THE URANTIA BOOK SYNERGIST - SPECIAL ISSUE SUMMER 1989
URANTIA Foundation's TRADEMARKS
How They Obtained Them and What They're Doing with Them
The URANTIA Foundation's lawsuit against Center for URANTIA Book Synergy seeks to bar C.U.B.S. from using the name of the Revelation, The URANTIA Book, in our organization's name, claiming that we are violating their trademark, "URANTIA." In preparing our defense, we discovered what we believe are serious irregularities in how the Foundation obtained the marks; the same marks they are now using in their attempts to prevent us from identifying with, and expressing loyalty to, an Epochal Religious Revelation.
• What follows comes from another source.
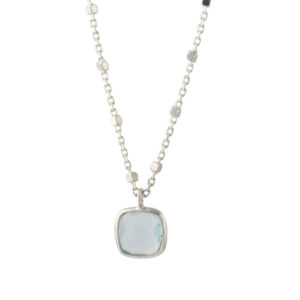 CS1796T Campur zilver collier topaas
Here are the facts about URANTIA Foundation's trademarks as recorded in the official records of the US Patent Office (the government agency which issues service marks and trademarks) along with our analysis:
In July of 1971, more than 15 years after The Urantia Book was published, URANTIA Foundation applied to the US Patent Office to register the word "Urantia" as a service mark (a trademark registration was subsequently applied for and granted under similar circumstances) subject to the exclusive control of URANTIA Foundation to identify its "religious educational services." In this application the Foundation correctly stated the purpose of the URANTIA Foundation as being ...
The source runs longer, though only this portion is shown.